The original source is taken from a medical image DICOM viewer. In my limited experience as a medical physics student, the people working with these tools would really benefit from a comment explaining the code. They are most definitely not coders, most of them having barely done anything more than write a few matlab scripts.
This is hardly a typical environment. All code would be challenging, even commented code. Excessive commenting would be necessary: write the program again in English.
The numpy example becomes fast when you use numpy arrays. Try %timeit numpy.array(arr); numpy.reshape(arr, (-1, 3));
and then just %timeit numpy.array(arr), you'll see that the reshape takes no time at all. Type conversion from python list to numpy array is what kills the performance.
A point of clarification here - numpy's reshape operation stays fast as long as the array is a numpy array.
Which is exactly what the parent comment was all about - the author figured that the reason numpy was significantly faster was because it was accessing / working with the data in a different fashion.
So, in order to test that theory, he converted the numpy.array into a normal python array before he proceeded to do any timed operations with zip vs. numpy.reshape, etc.
This is a more realistic playing field if you're considering data that was created outside of the numpy environment. At some point, if you're going to work with numpy.reshape, it will need to be type converted / "imported" into numpy data types.
For the purposes of this test, it's much more "fair" to include both the time numpy spent on splitting the array as well as that conversion time. The reshape process in numpy had essentially O(1) time with native data types indicating that it had done some behind the scenes work that allowed for such speed. The parent example is much more realistic in capturing the time of the behind the scenes work by forcing each method to start from the same exact same data objects.
My reply was in response to the statement "numpy is two orders of magnitude faster here; it's evidently using a highly optimized internal codepath for random sequence generation", which is false, it's not because of highly optimized internal codepaths for random sequence generation, it's because the code produced a numpy array (or didn't have to do type conversion). But I agree, when using numpy to produce a timing comparison, it would be fair to start with a numpy array, or to show the time involved in the creation of the array.

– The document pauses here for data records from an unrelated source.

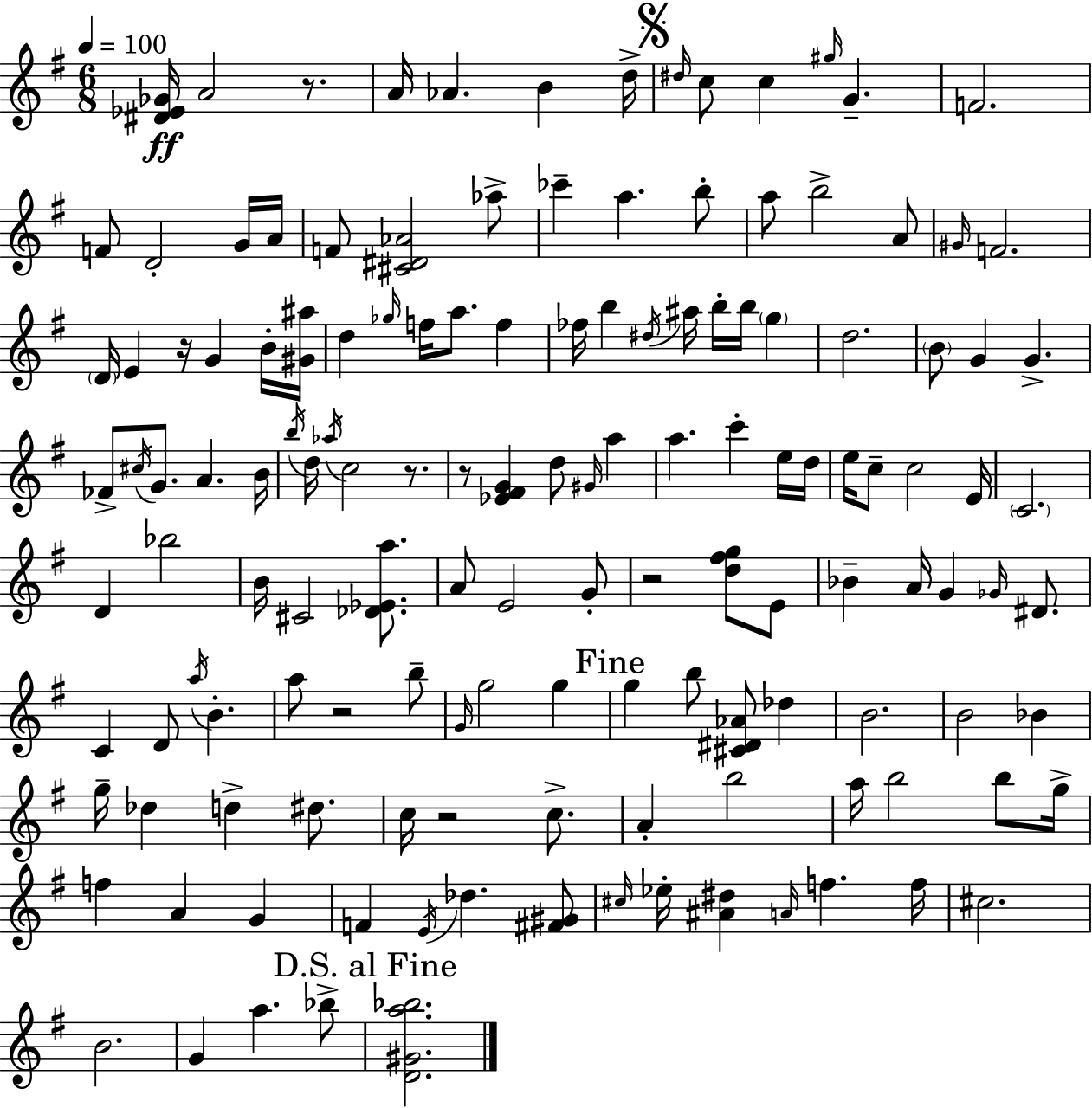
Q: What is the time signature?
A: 6/8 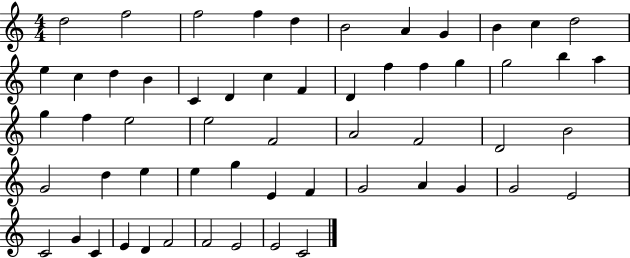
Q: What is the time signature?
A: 4/4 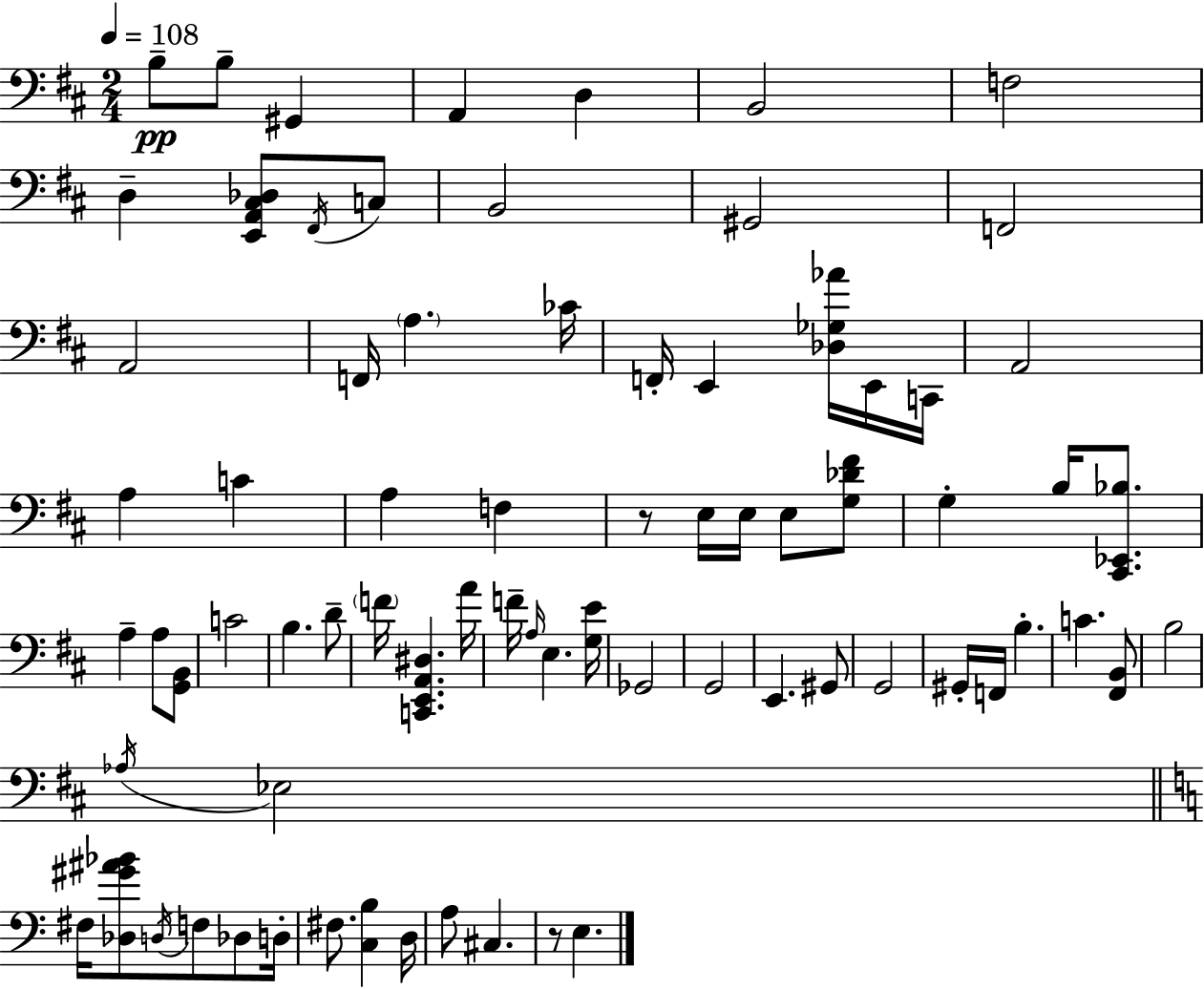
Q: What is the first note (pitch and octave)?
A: B3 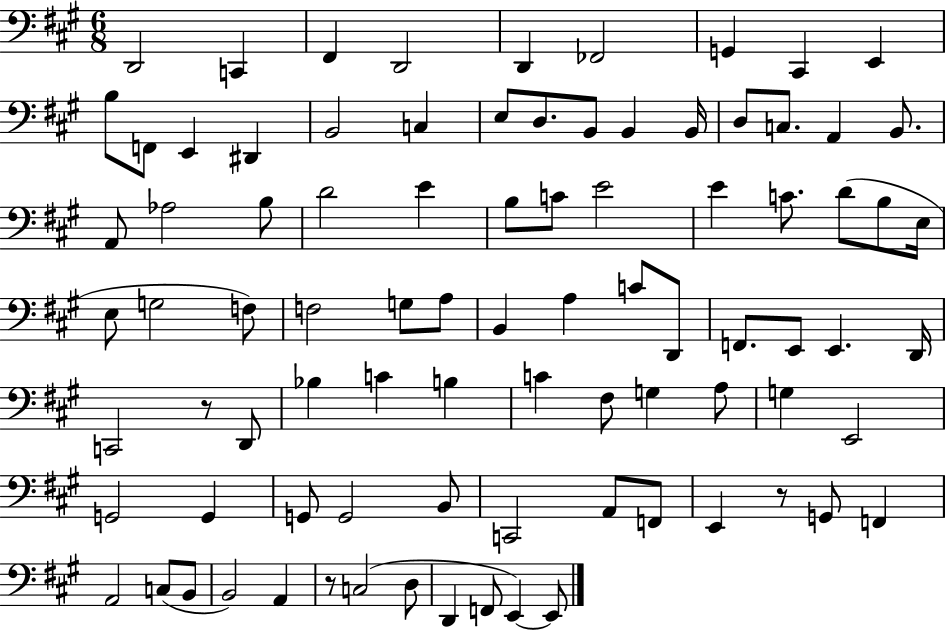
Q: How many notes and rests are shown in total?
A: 87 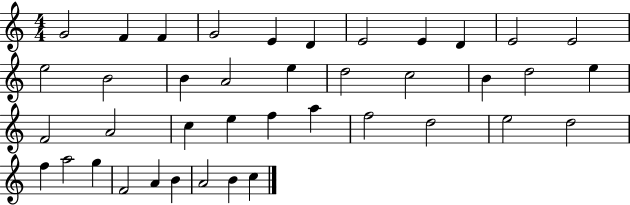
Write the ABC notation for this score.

X:1
T:Untitled
M:4/4
L:1/4
K:C
G2 F F G2 E D E2 E D E2 E2 e2 B2 B A2 e d2 c2 B d2 e F2 A2 c e f a f2 d2 e2 d2 f a2 g F2 A B A2 B c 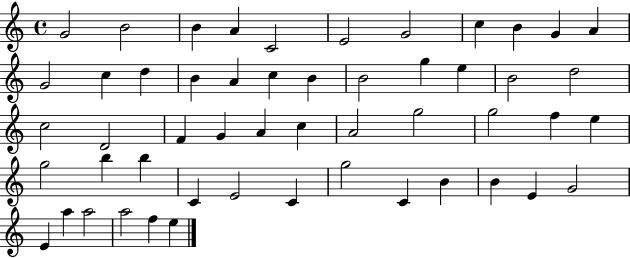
X:1
T:Untitled
M:4/4
L:1/4
K:C
G2 B2 B A C2 E2 G2 c B G A G2 c d B A c B B2 g e B2 d2 c2 D2 F G A c A2 g2 g2 f e g2 b b C E2 C g2 C B B E G2 E a a2 a2 f e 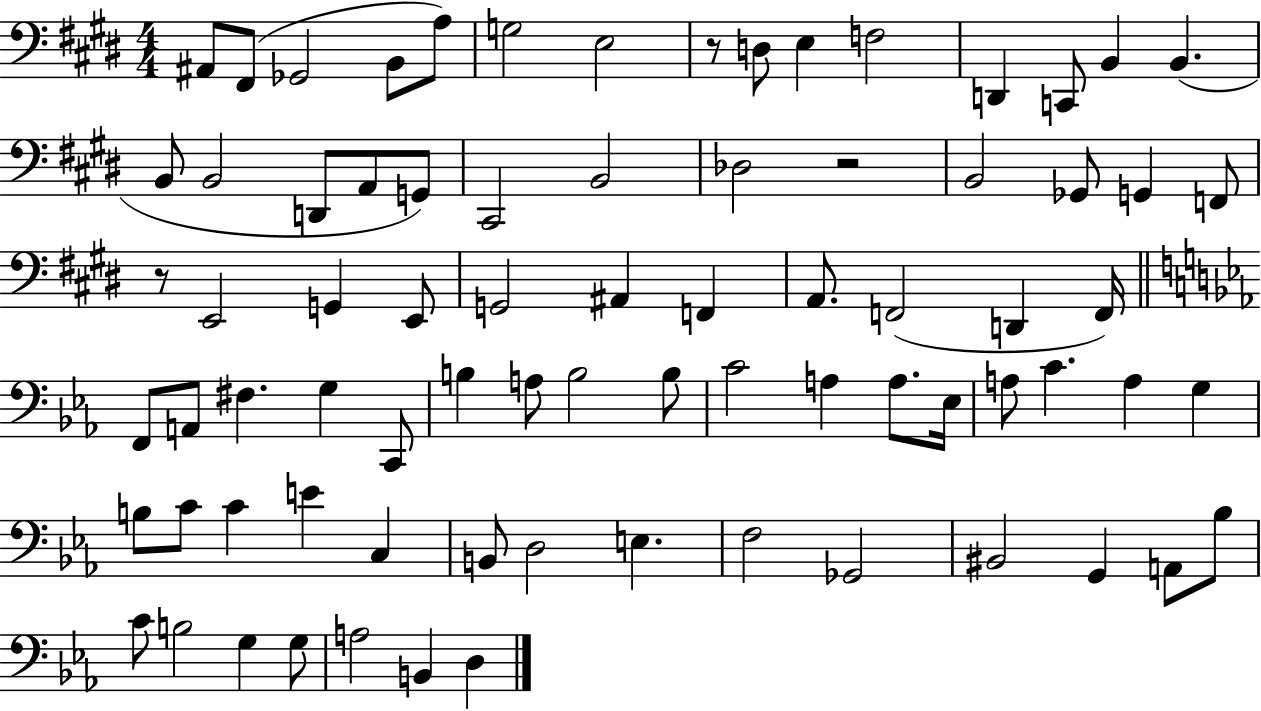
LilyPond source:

{
  \clef bass
  \numericTimeSignature
  \time 4/4
  \key e \major
  ais,8 fis,8( ges,2 b,8 a8) | g2 e2 | r8 d8 e4 f2 | d,4 c,8 b,4 b,4.( | \break b,8 b,2 d,8 a,8 g,8) | cis,2 b,2 | des2 r2 | b,2 ges,8 g,4 f,8 | \break r8 e,2 g,4 e,8 | g,2 ais,4 f,4 | a,8. f,2( d,4 f,16) | \bar "||" \break \key ees \major f,8 a,8 fis4. g4 c,8 | b4 a8 b2 b8 | c'2 a4 a8. ees16 | a8 c'4. a4 g4 | \break b8 c'8 c'4 e'4 c4 | b,8 d2 e4. | f2 ges,2 | bis,2 g,4 a,8 bes8 | \break c'8 b2 g4 g8 | a2 b,4 d4 | \bar "|."
} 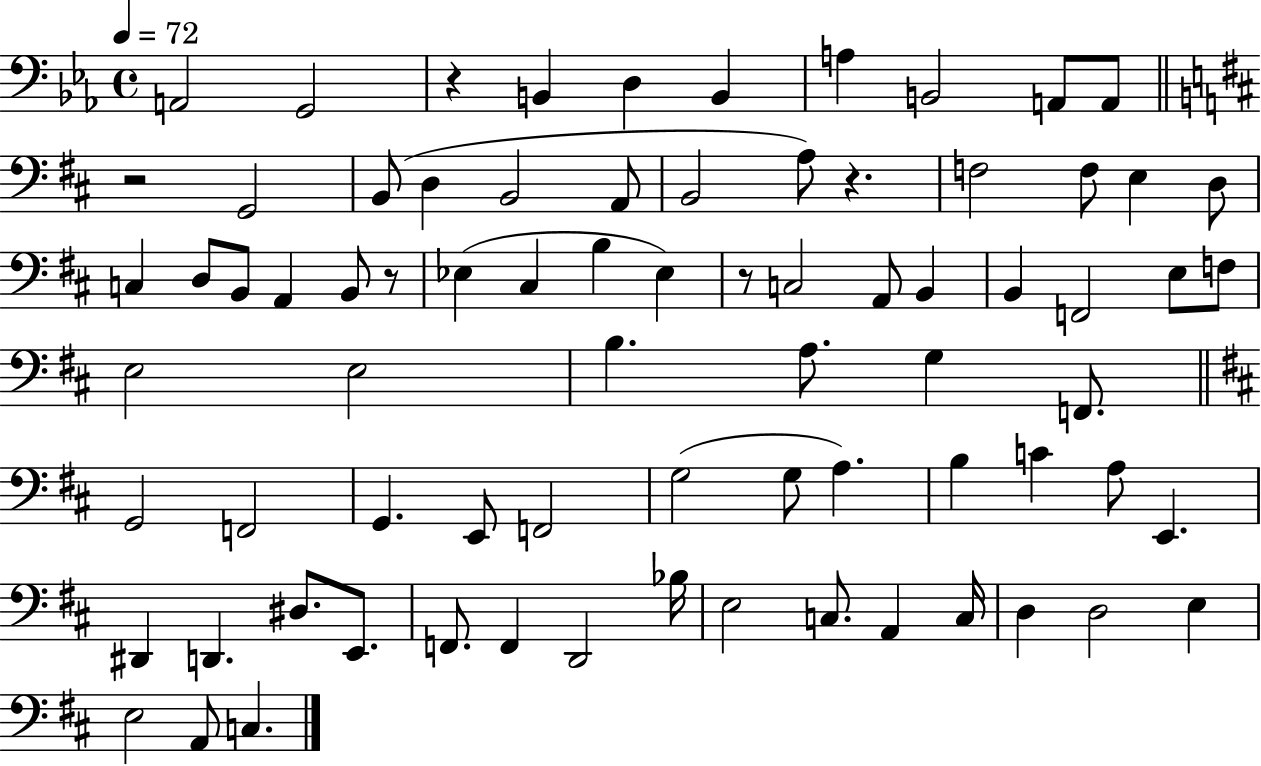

Thanks for your comments. I hope it didn't sound like I was negatively comparing numpy's array/sequence operations to anything. I know very little about numpy, and I assume that "real" numpy solutions don't look anything like what's being discussed here. I only included those measurements since the article's author did.
To clarify my points a bit, the optimizations I alluded to (in "highly optimized internal codepath") were meant to include things like using a generator, i.e. at no point is there an actual array of input random numbers. The fact that in numpy the 300-element "array" and the 3,000,000-element "array" had identical timings suggests exactly that; I disagree that it's an issue of internal representation, unless the concept of a numpy array subsumes the concept of a generator, in which case I think we're all saying the same thing.
That kind of optimization is only possible in this case because by the definition of randomness nobody could know what the values were until they were enumerated, so it's 100% transparent to use a generator. That's not how real-world data works, hence my forced-native-array measurement and pudquick's reply.